Dronfield

Dronfield: Crime Doesn’t Pay… As Much As A Day Job

Avengers

With anti-social behavior at an all time low, due to the colder weather, darker nights and mum expecting you back at home by 9pm, the Dronfield Police have returned with a surprise come-back to tackle ‘proper crime’.

‘We’ve all taken a long break, I know nobody has seen us for a few years, but that’s because we’ve been working on a super-secret project’, a spokes-police-person from Dronfield Police told us, ‘A couple of years ago we saw Batman and we thought it was really cool, so we’ve spent the time making our super-cool vigilante costumes, they’ve taken absolutely ages.’ Citing making up back-stories for their characters as the most time-consuming part of the process, we should expect to see these super-heroes emerging from the shadows to fight crime and teenagers in the next month.

Although they might not be as high-tech as Iron Man, as green as the Hulk, as blonde as Thor or handsome as Captain America, the Dronfield Police, soon to be renamed the Dronfield Avengers, are plugged to be one of the most effective crime fighting forces in the S18 area by a substantial margin. The only other crime fighting force being the Ancient Indian belief of Karma, which has a 90% arrest rate, and a zero-tolerance attitude towards negativity of the soul and underage smoking.

Dronfield Police are holding X-factor style auditions for criminal super-villains and criminal master-minds in the next couple of weeks, in the previously closed Police Station round the corner from RBS, to find the most worthy nemesis they can. They have assured us, although is isn’t essential you have previous experience in this field, because training will be delivered, it is a ‘nice-to-have’. Key requirements  for the positions include: extreme megalomania, maniacal laughter, sharp dress-sense, snappy one-liners, witty ripostes and the inherent need to reveal all details of your diabolical plan before you are about to kill them in an unnecessarily slow and easy to escape situation.

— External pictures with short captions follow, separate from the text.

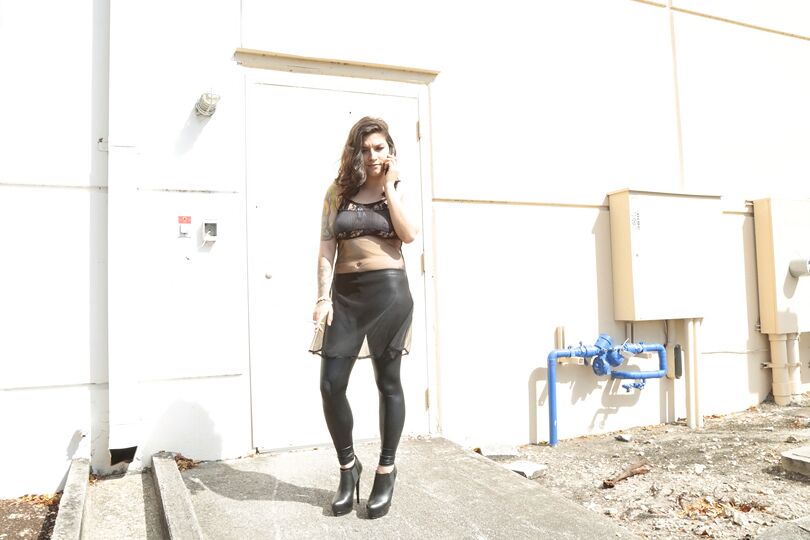 16P Latina model Lucy Deville posing for fully clothed candid shots outdoors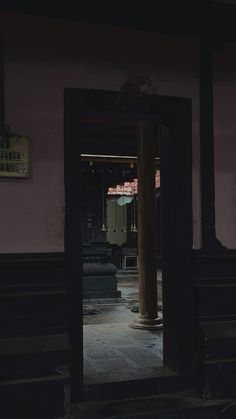 an open door leading into a dark room with columns and benches in the background at night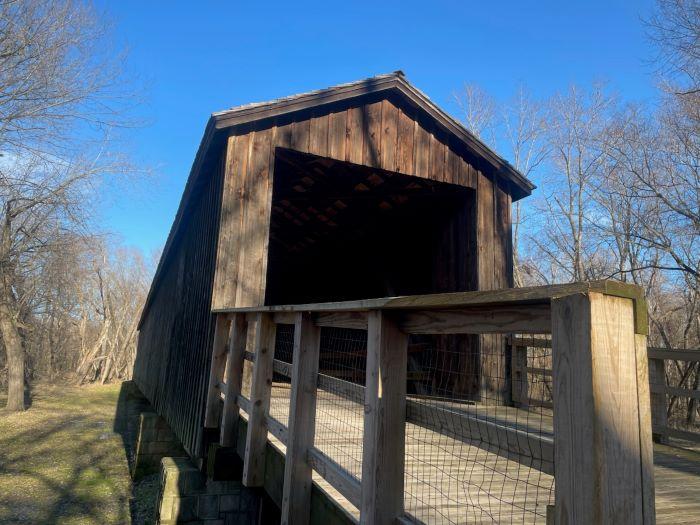 Covered Bridge entrance to wooden structure sitting over a grass field.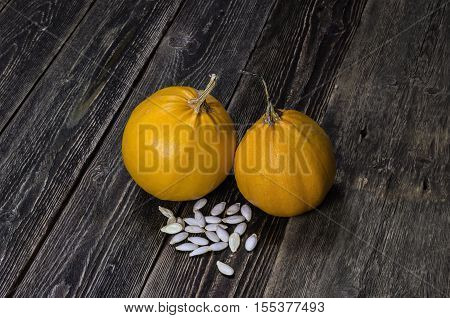 Pumpkin and pumpkin seeds. Dark background. Rustick wooden table.
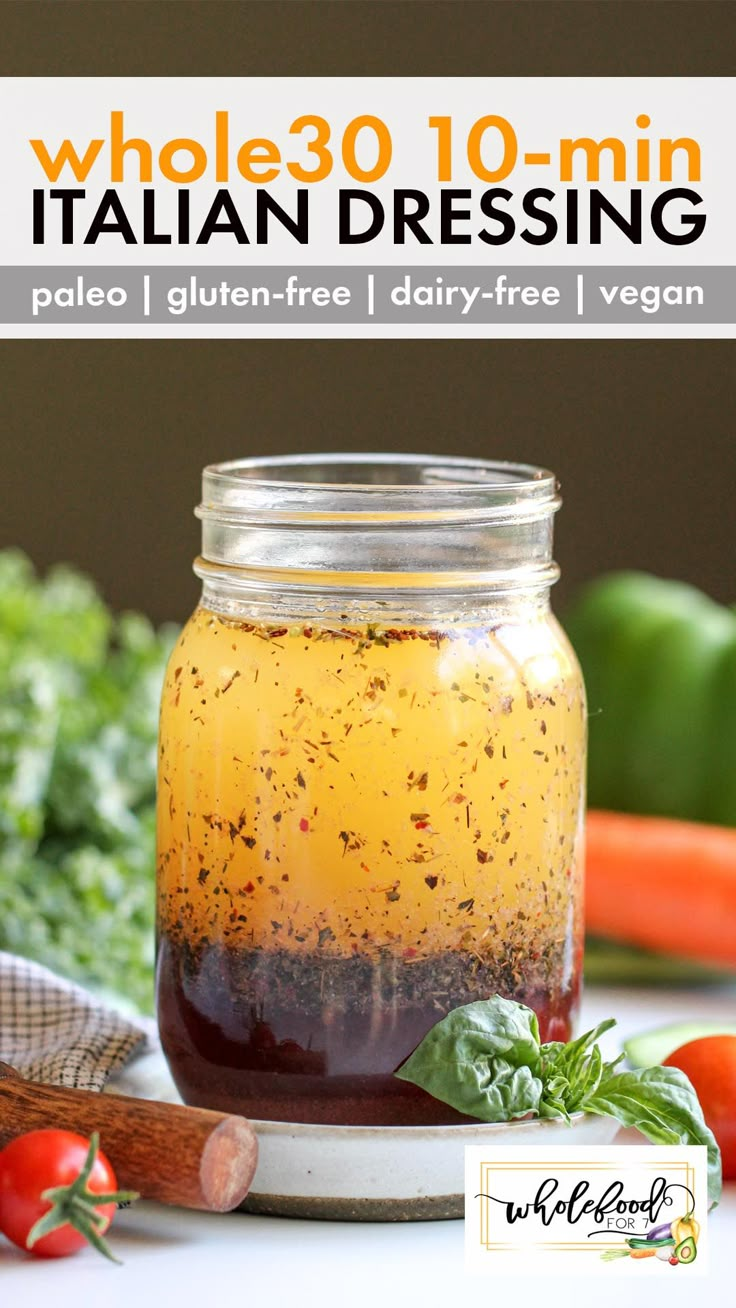 a jar filled with liquid sitting on top of a table next to vegetables and herbs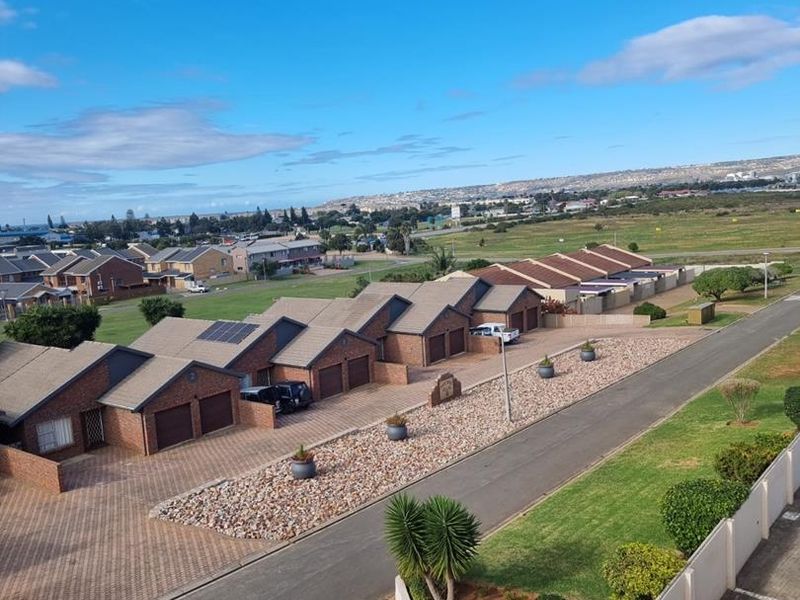 An elevated aerial view of a residential apartment complex featuring brick-faced units, paved driveways, and well-maintained communal garden areas.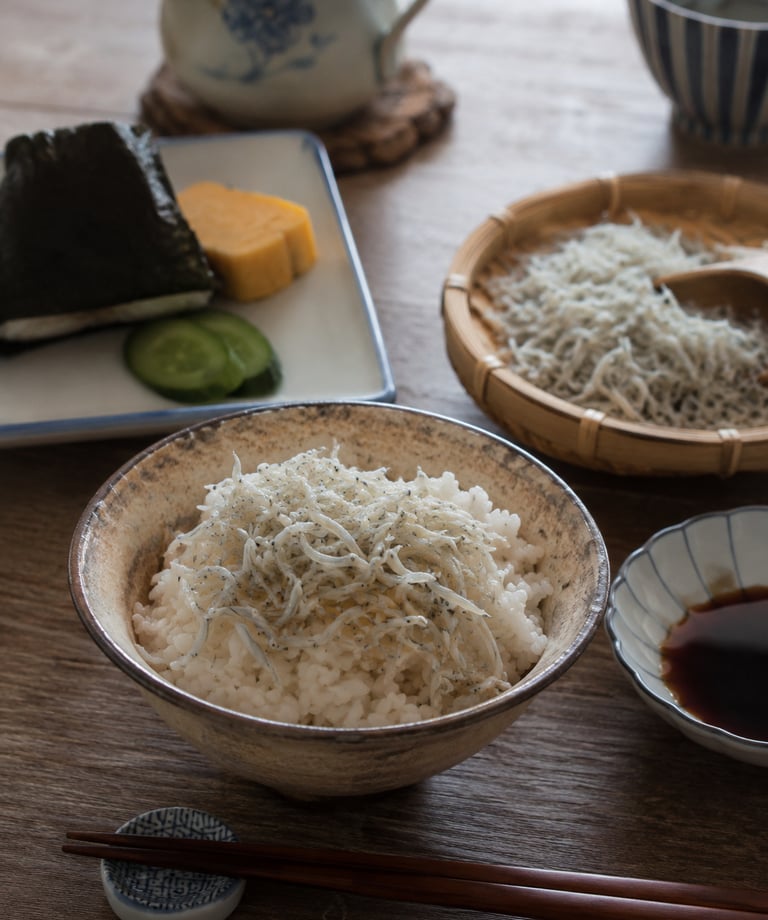 A traditional Japanese breakfast with a bowl of shirasu whitebait over steamed rice, onigiri, and tamagoyaki.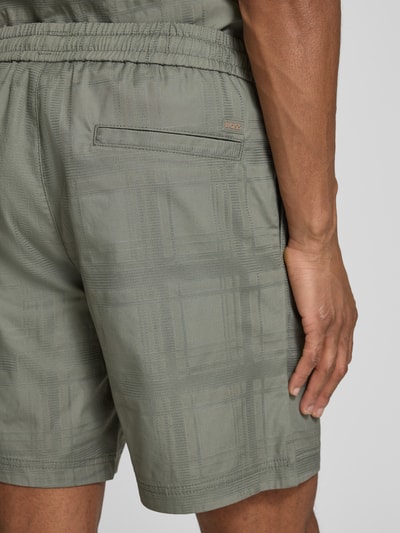 Männermodel trägt Tapered Chinoshorts aus reiner Baumwolle Modell 'SANDREW_6_SHORTS' von BOSS Orange in Olivgrün mit Strukturmuster, elastischer Bund, Seitenschlitz am Beinabschluss, unifarbene Optik, Detailaufnahme Rückansicht.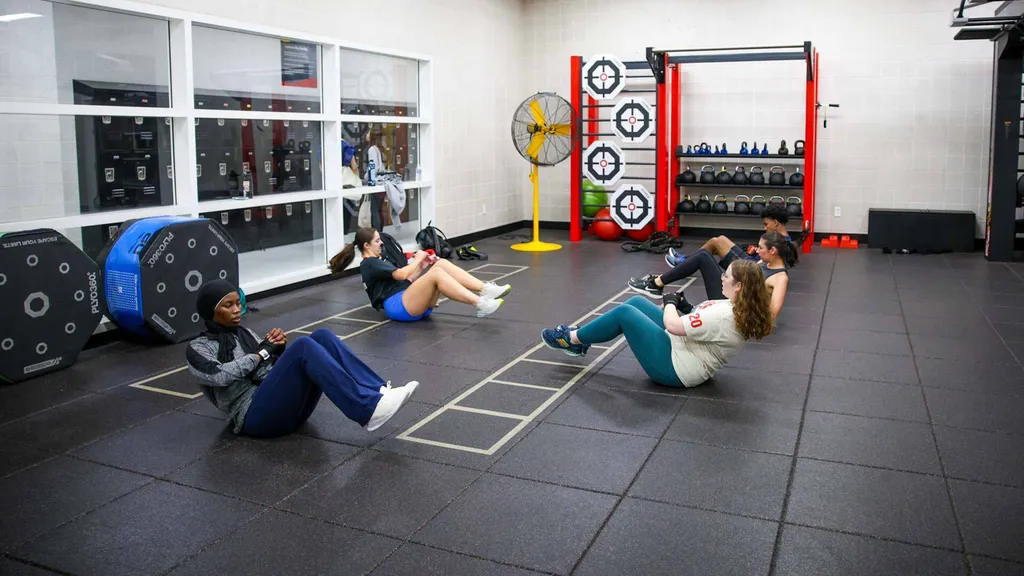 students exercise in fitness class
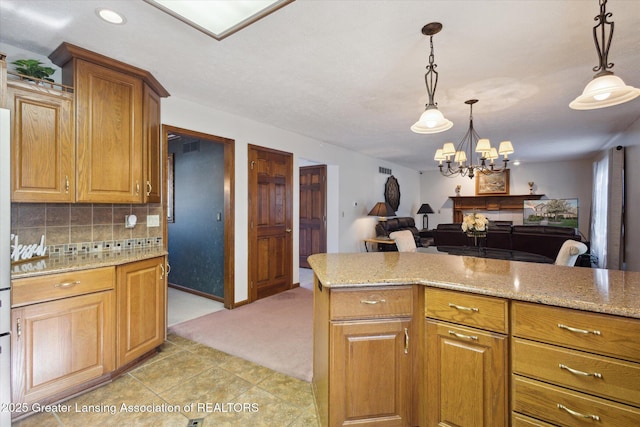900 Oneida Woods Trl, Grand Ledge, MI 48837 - kitchen featuring light stone counters, a chandelier, backsplash, pendant lighting, and recessed lighting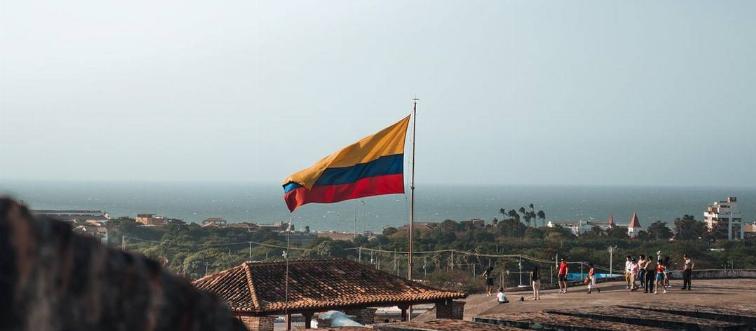 Colombian flag flying over city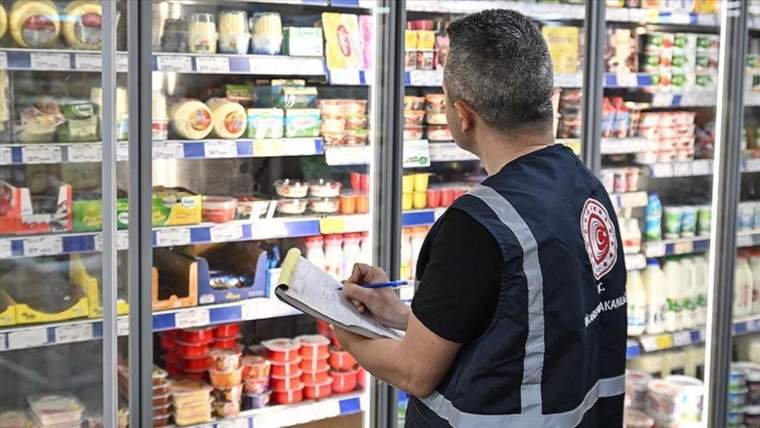 Bir denetçi, süpermarket raflarında ürünleri kontrol ediyor ve not alıyor.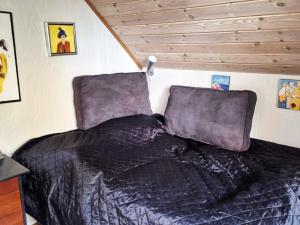 a bed with a black comforter in a bedroom at 4 person holiday home in Odder in Odder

It is claimed they have already received over 200 applications from Dronfieldians who consider themselves criminal master-minds, many writing their key experience as swindling self-service checkouts by putting expensive items through as root vegetables and mushrooms. The second most referenced experience point is drinking while slightly over the limit to pick up extra Tonic Water before Strictly starts.